Independent dispensary owners, those who do not own their own cultivation facility and helped prop up a small medical cannabis market for years, are concerned about the one-two punch of eliminating caregiver supply, and then a shifting emphasis to recreational cannabis.

“They are prioritizing recreational growers without ensuring a consistent supply in the medical market. The operators who have invested, propped up the market, have already put the money into it, they are going to be the ones who are taking the brunt of this because there’s not going to be the same supply for medical dispensaries,” says Evan Pilot, director of operations for The Reef Dispensary in Detroit, which is medical only.

Pilot reports that he’s paying between $3,000 to 4,000 a pound for wholesale medical cannabis flower, while recreational is going for as much as $5,000 a pound. Two other Michigan cannabis dispensary owners reported similar prices as of Wednesday to Grown In.

“That’s because there’s fewer recreational providers and higher demand in the recreational market. Everybody’s open to it. You’ve got people willing to pay that much. The recreational volume should be four times the medical market volume,” says Pilot. “You have a dichotomy between the two markets, nothing differentiates the two except a piece of paper.”

Patient advocates, such as Annette Crocker of Michigan Holistic Health in Kalamazoo, are concerned that rising prices will impact medical patients with limited incomes.

“What I don’t want to see is if it’s recreational, will the prices bump up? Right now recreational is much more expensive than in a medical provisioning center,” said Crocker. “I like that more people have access, however i just don’t want to see it turn into competitive pricing for patients who already struggle to get medicine.”

Murray from Redbud Roots agrees with Pilot’s market assessment, and thinks it’s just a matter of time before prices get back in order.

“You’re starting to see the shift.
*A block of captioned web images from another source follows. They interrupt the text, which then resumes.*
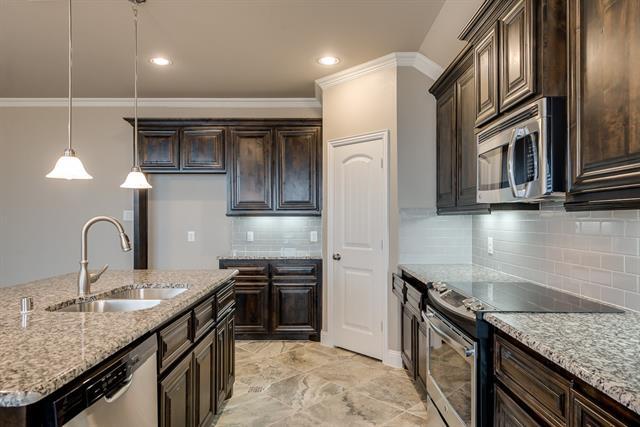 Building Photo - 1400 River Oak Ln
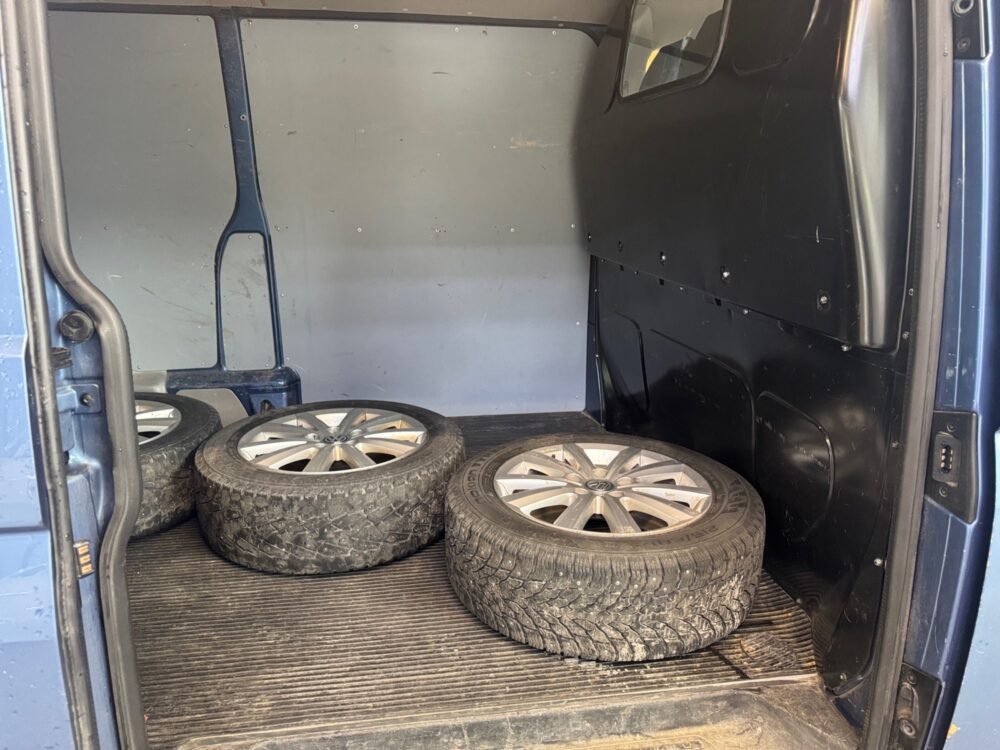 auto-Volkswagen-Transporter-ZKR495-202607071455-15 auto-Volkswagen-Transporter-ZKR495-202607071455-15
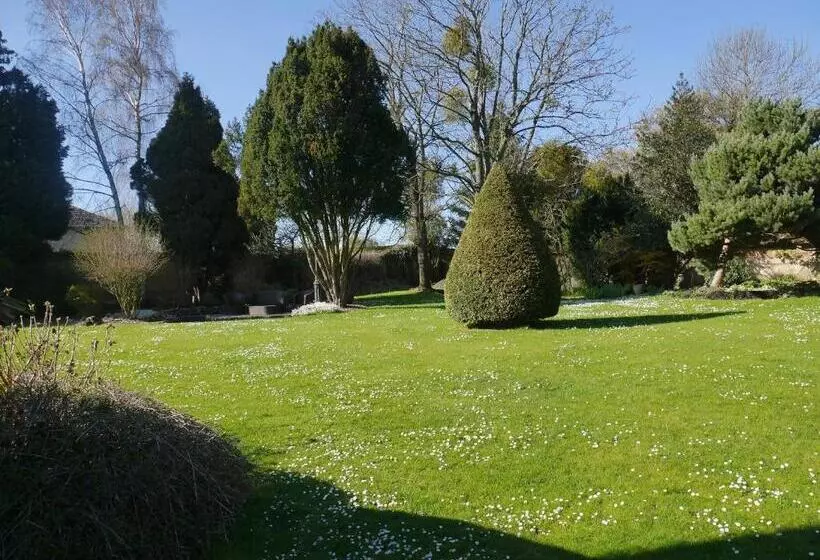 Aamiaismajoitus (B&B) Le Puits D Angle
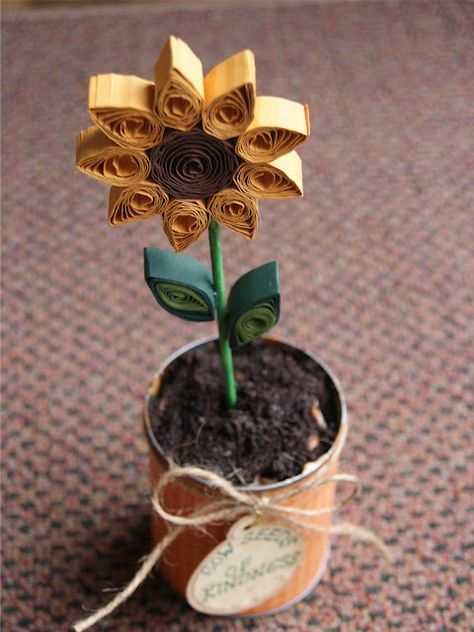 Paper Sunflower Diy, Sunflower Origami, Folded Flowers, Happy Mothers Day Gift, Paper Quilling Cards, Paper Art Design, Paper Sunflowers, Origami And Kirigami, Accordion Fold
When recreational came on, medical was an eight-to-one player [in terms of demand]. Now you’re starting to see the shift go back, and the medical side is getting hard to see on a supply side, now that you’ve got the October 1 ruling that caregivers are off the grid,” said Murray. “Medical should be a higher price per pound. The market is inverted. I think prices will go up in the next 18 months.”

Still, other independent dispensary owners are not so dispassionate.
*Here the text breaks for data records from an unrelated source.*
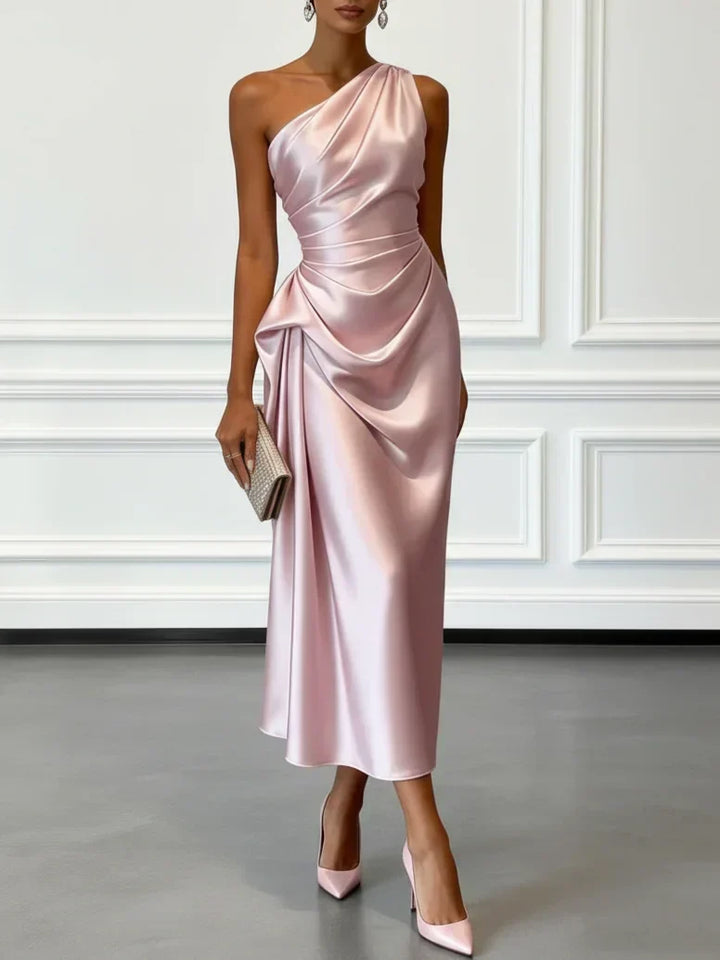 Rückenansicht: Elegantes Damen Ein-Schulter Midikleid mit fließenden Rüschen, perfekt als Cocktailkleid.
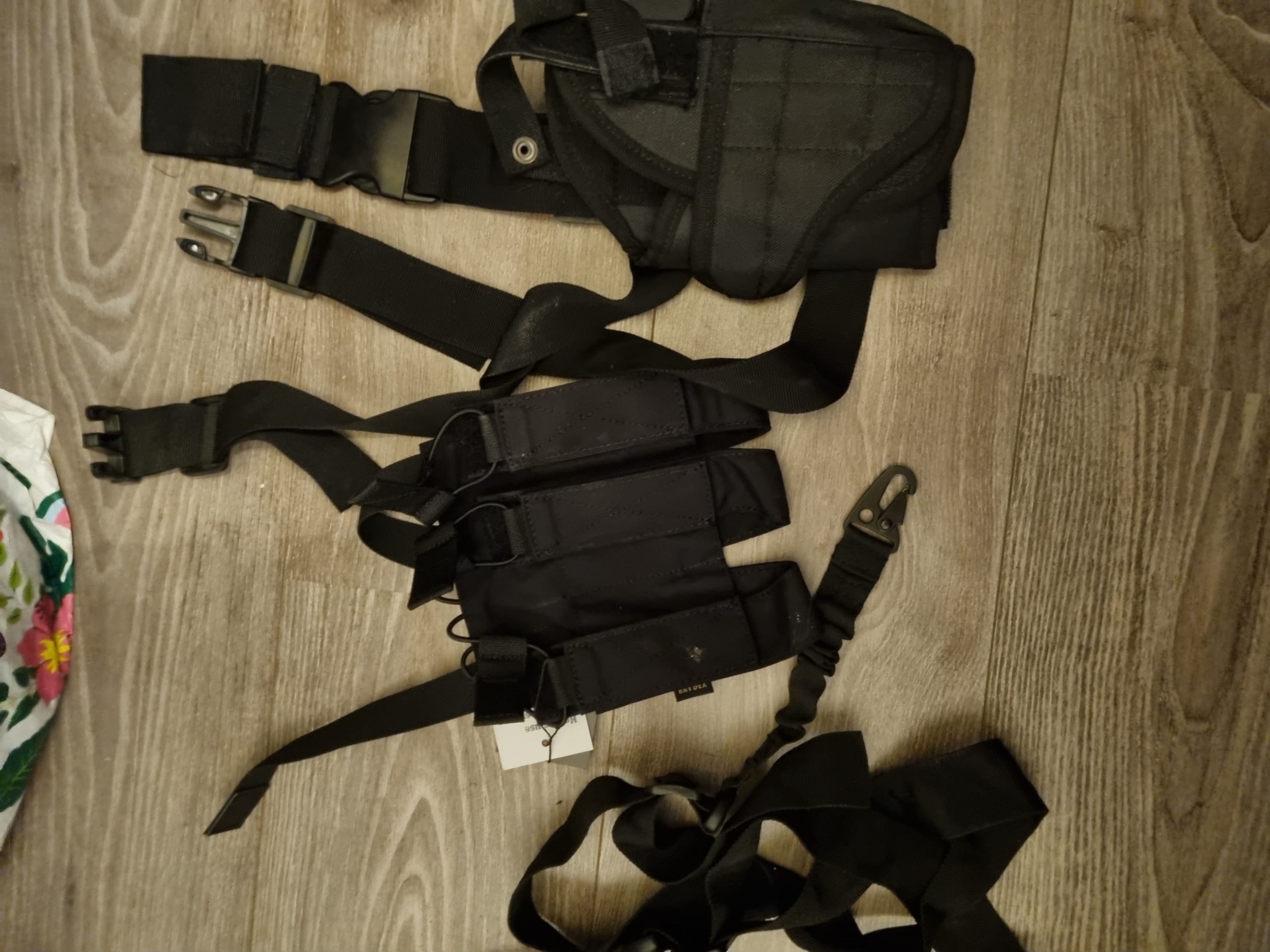 Diverse 4 (holsters black)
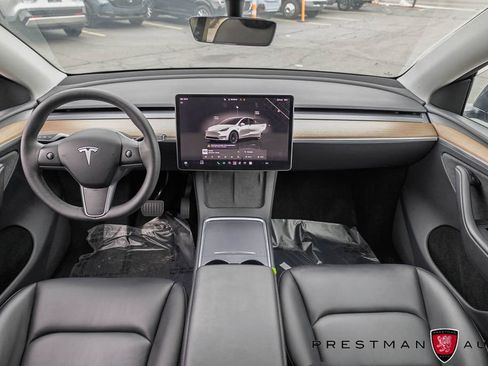 Used 2023 Tesla Model Y Long Range AWD/4WD image 33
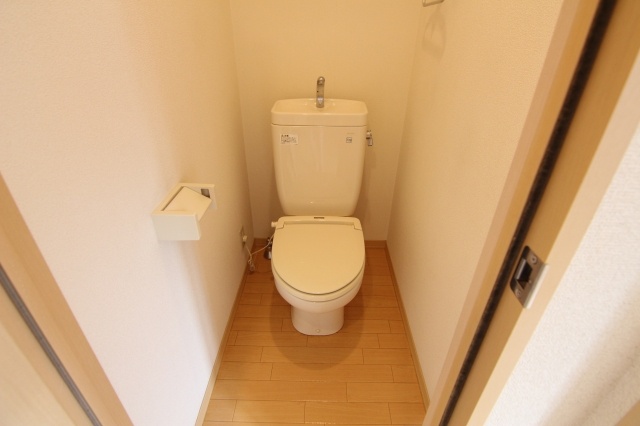 トイレ　別のお部屋の参考写真となります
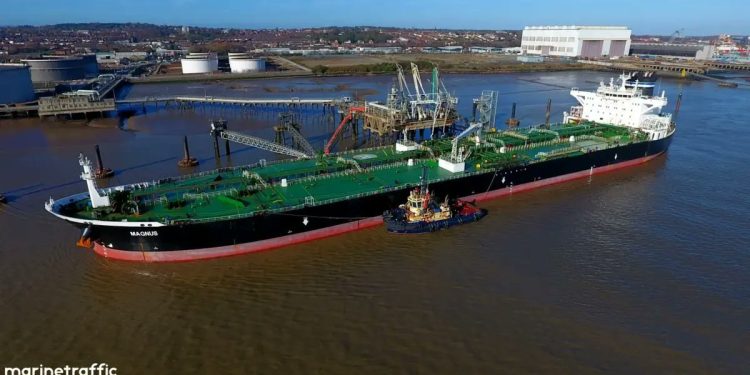 ΗΠΑ: Επιχείρηση κατάληψης του τάνκερ Olina στην Καραϊβική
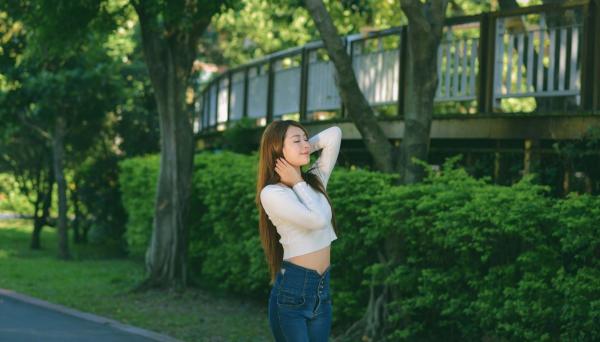 张慧贞 夏晴Miso  台湾正妹夏晴Miso公园室外写真，紧身破洞牛仔裤秀极致美腿，身姿窈窕，清新撩人，充满初恋感第22张图片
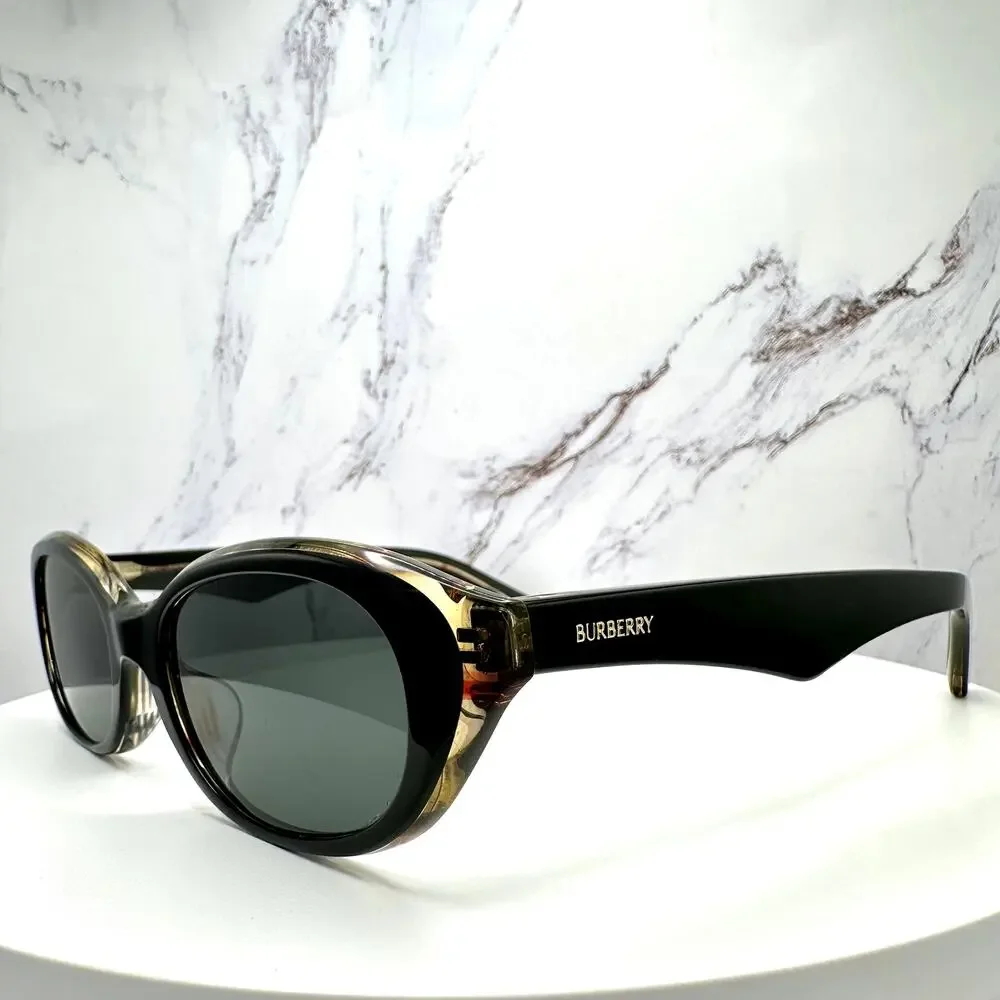 New Burberry Sunglasses Black Vintage Check Oval Gold Logo Womens New BURBERRY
“I can’t understand, it’s corporate greed,” said Jerry Millan, owner of The Greenhouse dispensary in Walled Lake, which is both medical and recreational. “Why were caregivers able to stay on the medical side, but not the recreational side? If it is tested and clean, why was it not able to go to the rec side? It doesn’t make sense, and nobody can tell me why, so it must be all about money.”

“The shortage is real,” says Millan, who suggests that smaller, independent dispensaries are the ones who are experiencing shortages more acutely. Stores like his, which are larger and higher profile, have an easier time buying product. “We can buy the whole shipment, so it’s easier for [growers].”
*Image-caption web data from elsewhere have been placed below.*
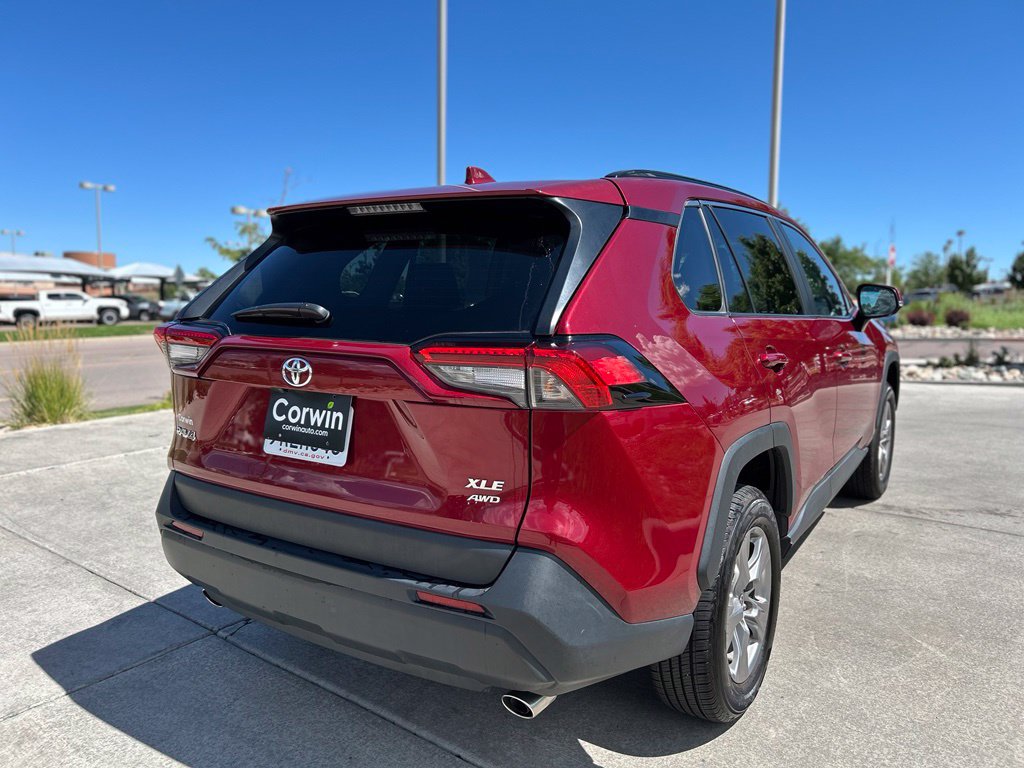 Used 2025 Toyota RAV4 XLE AWD/4WD image 8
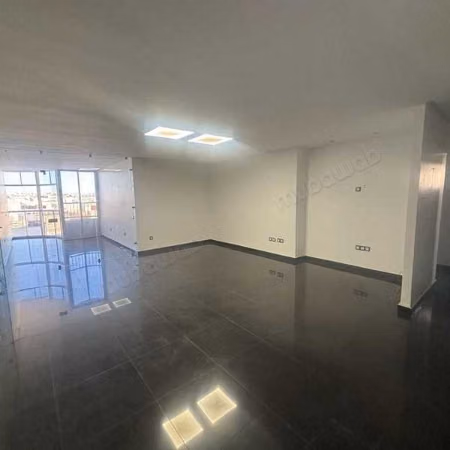 Bureau à Vendre de 146.0 m² à Casablanca, Bourgogne Sidi Belyout
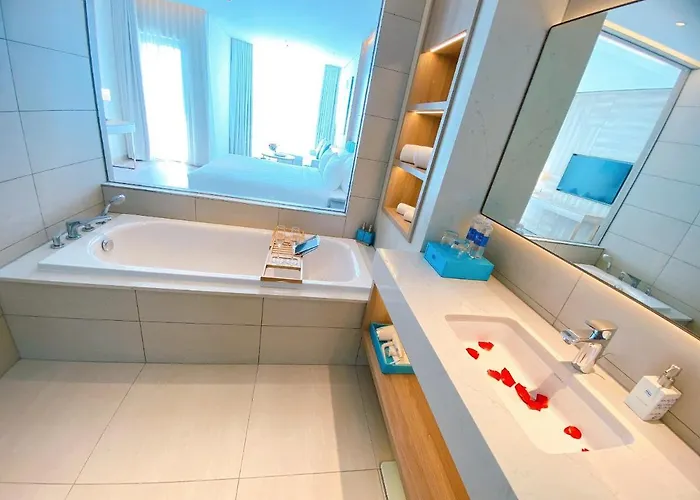 Hotel A La Carte Bay View 1 5*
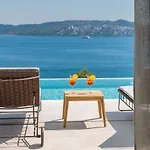 Ultraluxury Elyzeum With Heated Pool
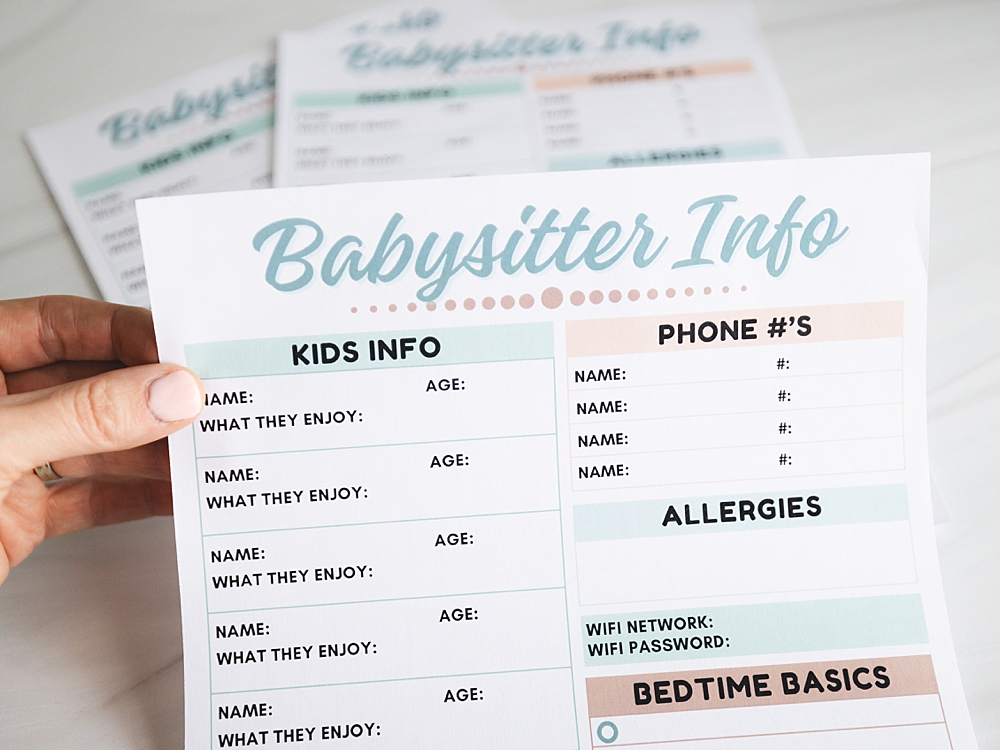 Babysitter Information Printable | Babysitter Information Sheet | Babysitter Information Template | PDF & Canva template both available at MomsPrintables!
“There’s not a shortage of product,” says Linder. “We’ve looked at the Metrc data, since most of our members generate most of the data, there is an equilibrium that has been reached. We can’t control how many people apply for licenses and how many dispensaries are set up. There’s only a supply shortage if there’s too many provisioning center licenses that have all of a sudden come on line, and the cycle of processing and distribution needs to keep up.”